In Armenia, al confine turco, un ospedale italiano fa vivere la pace

Sabato 25 Giugno 2016 di Franca Giansoldati
(foto Osservatore Romano) la strada per l'ospedale italiano al confine turco
GYUMRI (Armenia) La messa di Papa Bergoglio all'aperto è una specie di fornace. Gyumri è su un altipiano a 1800 metri. Il confine turco dista qualche decina di chilometri. Il sole è cocente. Il Papa avrebbe voluto andare a visitare l'ospedale italiano che è stato costruito dopo il grande terremoto del 1991. Per arrivare a destinazione bisogna armarsi di santa pazienza perché la strada asfaltata è piena di buche profonde e bisogna stare attenti a scansarle con maestria per due ore buone se non si vuole danneggiare la vettura. Ad accogliere chi arriva fino a là c'è padre Mario Cuccarollo, un frate di Vicenza che non ha perso l'accento del Nord.

«Sono qui dal 1991 per obbedienza, mi hanno mandato i miei superiori e da allora non mi sono mai spostato», racconta allegro. Dirige l'unico ospedale della zona, un edificio costruito su impulso di Papa Wojtyla, vent'anni fa con i soldi della Cei e mantenuto grazie all'otto per mille. Visto che il welfare in Armenia risente delle condizioni economiche generali piuttosto critiche, tipiche di un Paese con poche risorse e con spese altissime destinate alle forze armate, l'ospedale Redemptoris Mater è preziosissimo. Il bilancio complessivo è di 600 mila euro l'anno, naturalmente cifre altissime da queste parti. Il 40 per cento lo copre la Cei con l'otto per mille, i restanti denari vengono raccolti da benefattori vari. La generosità ha mille forme e arriva sempre nelle mani di padre Cuccarollo.
«Venite a vedere il reparto di maternità e di pediatria». Con orgoglio si fa strada tra lindi corridoi per arrivare davanti a una bambina appena nata. Maria.

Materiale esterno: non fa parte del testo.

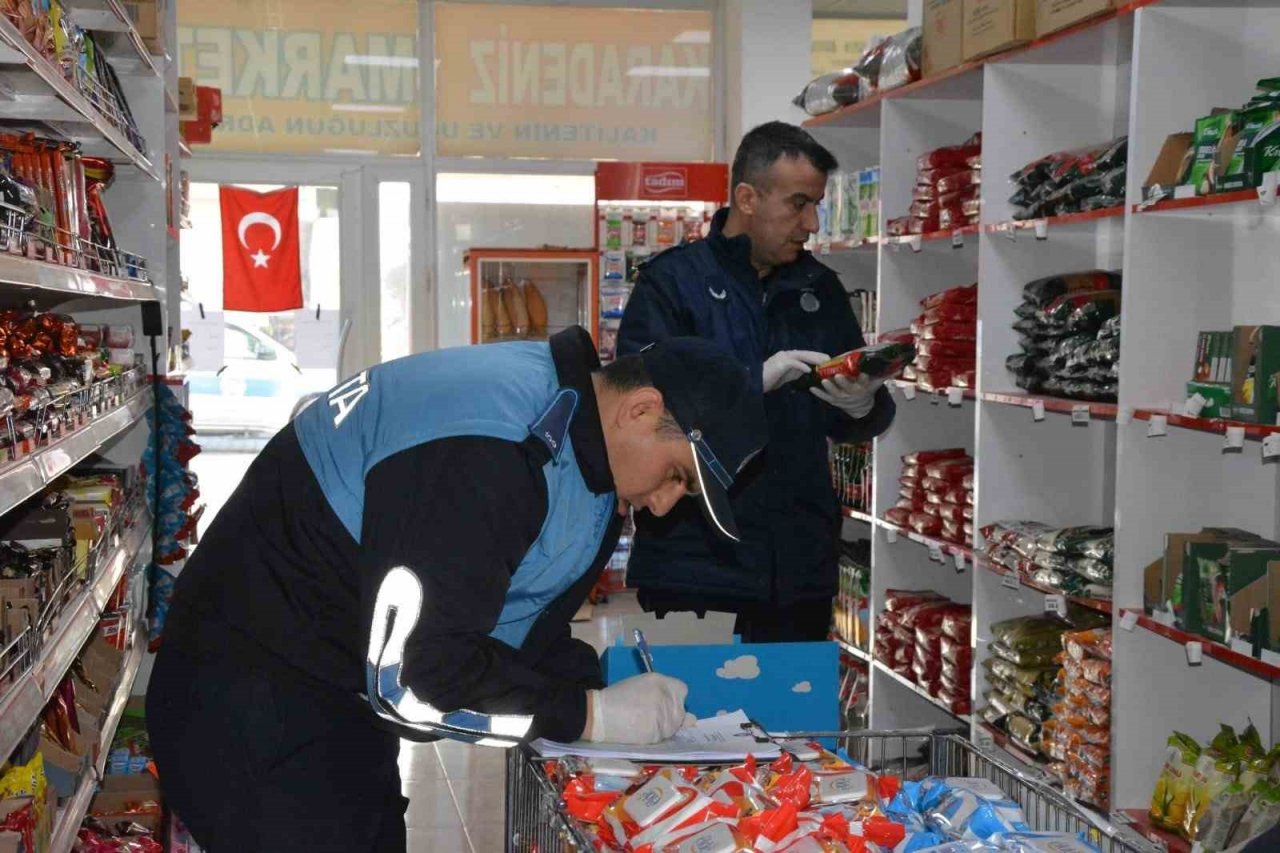 Lapseki Belediyesi Zabıta ekipleri marketlerde fiyat ve etiket denetimi yaptı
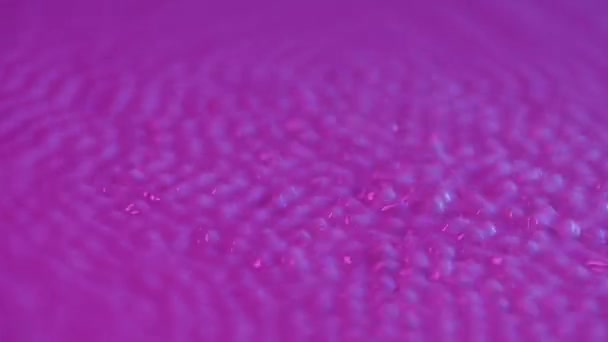 Vibration et résonance. Distribution des ondes sonores sur la surface violette du lait. Cercles et ondulations de liquide laiteux lorsqu'ils sont excités par des vibrations à différentes fréquences. Au ralenti. Gros plan. — Video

La mamma non la ha riconosciuta al momento della nascita e ora è in attesa di essere adottata. Nel reparto di ginecologia nascono circa 200 bambini l'anno. Dieci anni fa il numero era il doppio, il calo della natalità è evidente e anche da queste parti avanza. La visita all'ospedale procede lentamente. Due sale operatorie, il reparto di medicina generale, pediatria, ginecologia. La caposala è una suora francese, di origine italiana che ha vissuto per vent'anni a Beirut tra la comunità armena. E' una figlia di Charles Foucauld. Parla in italiano e in francese. Trovano lavoro, tra medici e inservienti, circa 500 persone. Una ecografia viene fatta pagare l'equivalente di due euro. Se non ci fosse questo ospedale il tessuto sociale di questa zona colerebbe a picco. Fuori il paesaggio è di una bellezza struggente. Montagne collinose verdissime. Nessuno le abita più da parecchio, da quando l'Urss si è decomposta e Mosca subito dopo ha chiuso le fabbriche che c'erano nella zona. La gente piano piano se ne è andata. Mancava lavoro. Così alla fine sono restati solo i pastori. Il cielo è basso.

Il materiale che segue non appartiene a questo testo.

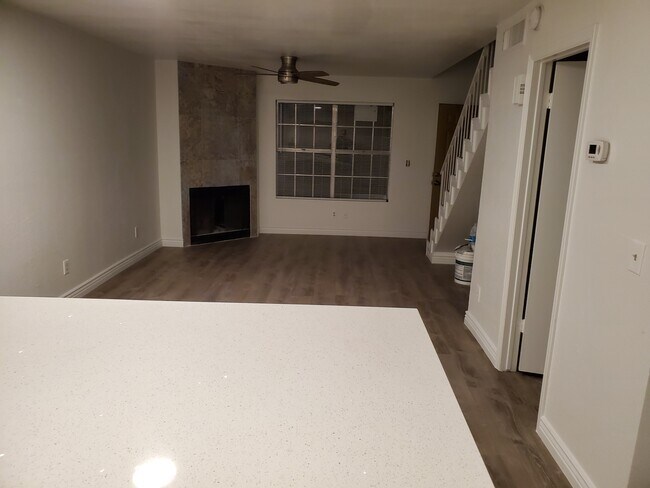 Building Photo - 4601 N 102nd Ave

Sembra distante persino Gyumri, la seconda cittadina più grande dell'Armenia dove si entra facendo una rotatoria in una piazza immensa sovrastata dalla statua di Charles Aznavour. La piazza è dedicata al chansonnier francese, icona immensa per il popolo armeno, per gli aiuti materiali che ha raccolto dopo il terremoto devastante. Ogni persona in Armenia è figlia, nipote o pronipote della prima tragedia del Novecento, il Metz Yegern, tradotto: il grande male, il genocidio che nel 1915 ha anticipato per sistematicità e per dinamica la follia della Shoah. Ormai che tutti i sopravvissuti sono morti, ne restano in vita pochissimi, non resta che tramandare le radici comuni. Le vittime non sono morte invano.